Logo me encantei. Cuido do Memorial Alcino Alves Costa, também em Poço Redondo, e aquela casinha teria uma serventia sem igual para contar a história do mundo sertanejo. Ao lado de objetos antigos, relíquias, fotografias e outros objetos que traduzem o passado desse tão belo e tão esquecido, aquela construção teria papel fundamental no resgate desse passado, embora ainda existente pelos arredores da cidade e mais adiante.

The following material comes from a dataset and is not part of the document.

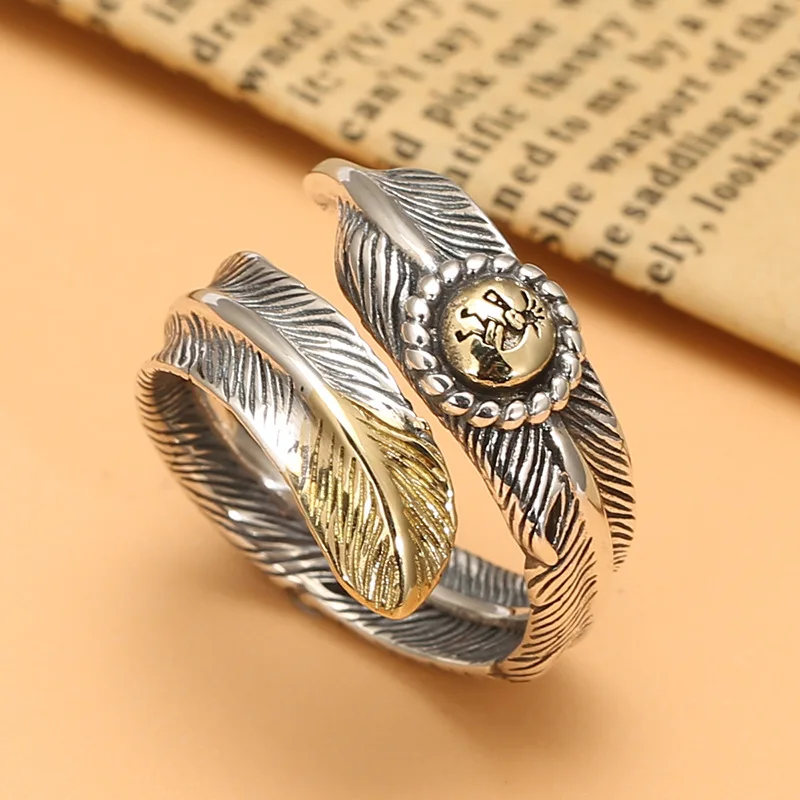 

925 silver rock feather Sterling Silver open ring Thailand silver ring female Indian style opening ring male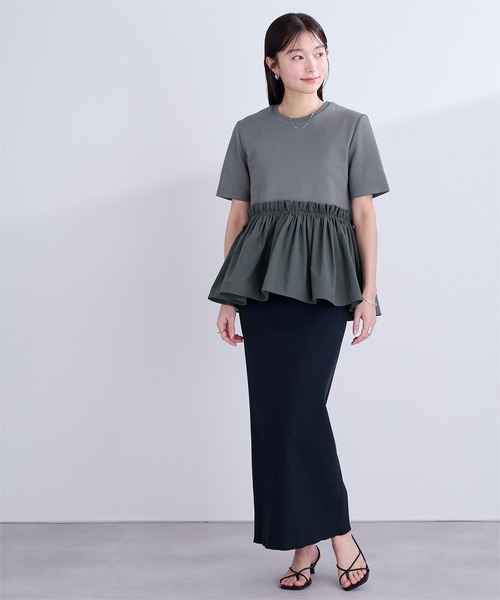 異素材ペプラムTシャツ （BLK） ur's（ユアーズ） tシャツ 異素材コンボペプラムTシャツ レディース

Estar diante dessa casinha de barro é realmente estar perante uma autêntica moradia sertaneja. Ora, pelos sertões sempre abundaram estes tipos de moradias. Pelas distâncias matutas ainda são costumeiras nas beiras das estradas, depois das cancelas, nos escondidos dos matos. Moradias empobrecidas e de pessoas empobrecidas. Sua humildade é avistada na própria aparência. Uma porta e uma janela, poucas dependências, o bastante apenas para a proteção e a subsistência no que a vida oferecer.

Nos sertões, as casinhas de barro afeiçoam-se à própria carência sertaneja. Lá dentro não há nenhum luxo, nenhum conforto, nenhum prazer senão de se estar protegido do sol e da chuva e de outras surpresas da natureza. Lá dentro a cama de vara, a esteira, a cozinha esfumaçada, a panela agastada, o pote, a moringa, a mesa tosca, o tamborete. Dificilmente mais que isso. Talvez uma rede, um rádio de pilha, um jarro com flores de plástico, um prato de estanho e uma caneca de alumínio e só.

Sim, uma feição de medonha pobreza, mas tão real como ainda de fácil comprovação. Muitas casinhas assim, de cipó e barro, ainda estão espalhadas pelas vastidões sertanejas. Mas é nelas, em meio ao barro e à cobertura de palha ou de telha, que o sertanejo encontra a sua felicidade de viver e a elas se devotam com o prazer da gratidão. Ora, não precisa de luxo algum, de grandeza alguma, apenas a riqueza de ter o seu cantinho para chamar de lar e nele criar os seus. E tantas vezes assim permanecer durante toda a existência.

E agora, na sua imensa expressividade e significação, ela faz parte do acervo do Memorial. E lá está numa mesinha, tendo ao lado um carro-de-bois, bem ao modo daquelas outras que estão pelos arredores. E quem adentra aos espaços logo reconhece e, de certa forma, também se reencontra com suas raízes. Recorda-se sempre das tantas casinhas de barro que conheceu, e até que no passado seus familiares já tiveram como moradia uma residência, singelamente empobrecida, mas tão sertaneja como nenhuma outra.